Effect of 2D and 3D ECM and Biomechanical Cues on Human iPSC-Derived Liver Progenitor Cell Differentiation.

Abstract

The differentiation of human liver tissue from induced pluripotent stem cells presents a powerful platform for drug screening and disease modeling. While 3D organoid systems effectively recapitulate tissue development, systematic investigation of microenvironmental parameters remains challenging.

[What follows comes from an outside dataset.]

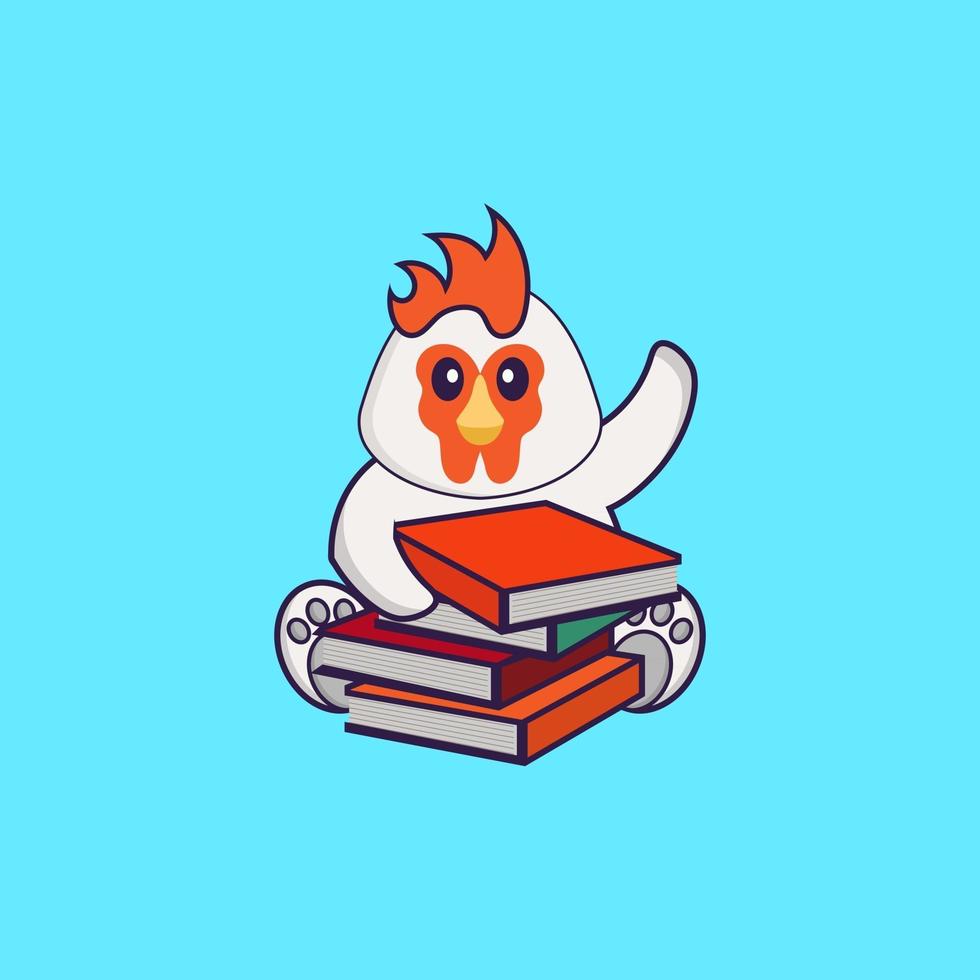 lindo pollo leyendo un libro. aislado concepto de dibujos animados de animales. Puede utilizarse para camiseta, tarjeta de felicitación, tarjeta de invitación o mascota. estilo de dibujos animados plana vector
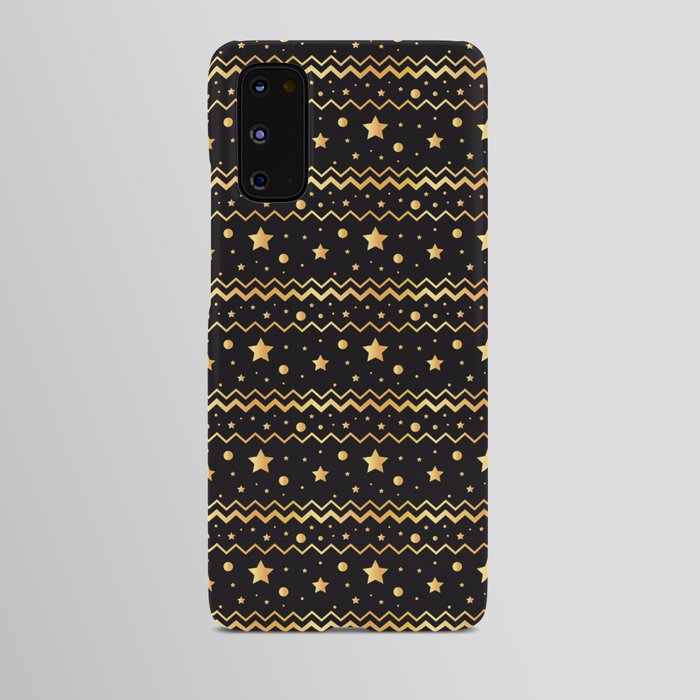 Christmas Pattern Golden Black Star Zigzag Android Case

Here, complementary approaches are developed utilizing 2D cellular microarrays and 3D polyethylene glycol(PEG)-based microwells to examine human stem cell-derived hepatoblast differentiation. High-throughput microarray platform enables systematic evaluation of 60 distinct microenvironmental conditions, combining 15 ECM compositions with 4 growth factor treatments. Position-dependent expression of hepatocytic and cholangiocytic markers is observed including HNF4a, SOX9, and CK19, with differentiation patterns varying substantially across ECM and growth factor conditions. Based on these findings, specific ECM combinations are selected - Collagen 1, Fibronectin, and their combination - for integration into a modular 3D PEG hydrogel system. This 3D platform provides independent control over microtissue geometry and matrix composition, enabling investigation of spatial organization in hepatic differentiation. Through this integrated approach combining high-throughput screening and defined 3D culture, a framework is established for dissecting the microenvironmental regulation of human liver development.